2022-03-31	lib: add a function to query the decoder frame delay	James Almer

2022-03-31	lib: split calculating thread count to its own function	James Almer

2022-03-16	Set f->n_tile_data to 0 in dav1d_decode_frame()	Wan-Teh Chang
	Set f->n_tile_data to 0 after the dav1d_decode_frame_exit() call in dav1d_decode_frame(). dav1d_decode_frame_exit() unrefs every element in use in the f->tile array, so it is good to set f->n_tile_data to 0 to indicate that no elements are in use.

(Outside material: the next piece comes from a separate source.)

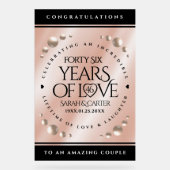 Elegant 46th Pearl Wedding Jubileum Celebration Acryl Bord (Voorkant)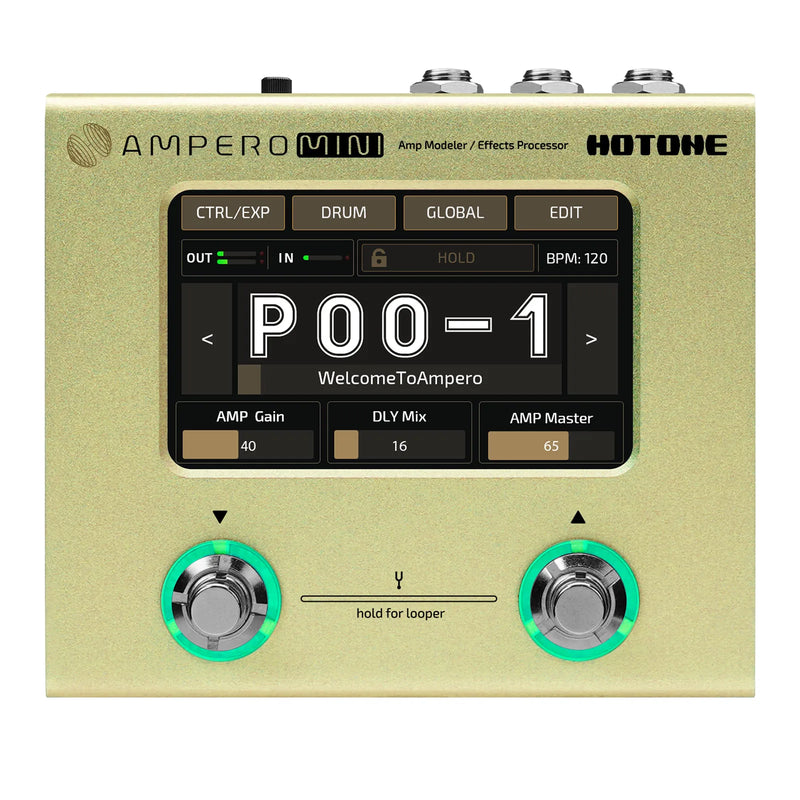 Hotone Ampero MP-50 Guitar Bass Amp Modelagem. Multi efeitos com Adaptador de Energia UE Estéreo OTG USB Interface.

We are already doing this after all other dav1d_decode_frame_exit() calls. NOTE: It is tempting to have dav1d_decode_frame_exit() itself set f->n_tile_data to 0. I did not do that in this merge request, because the following is a common pattern: dav1d_decode_frame_exit(f, error); f->n_tile_data = 0; pthread_cond_signal(&f->task_thread.cond); corresponding to the waiting code: while (f->n_tile_data > 0) pthread_cond_wait(&f->task_thread.cond, &c->task_thread.lock); I wonder if f->n_tile_data is set to 0 outside dav1d_decode_frame_exit() to make clear the association of f->n_tile_data with the condition variable f->task_thread.cond.
2022-03-14	x86: Reduce code size in 8-bit film grain AVX-512 asm	Henrik Gramner
	Split out common parts into separate functions. This reduces the overall binary size by more than 5 KiB.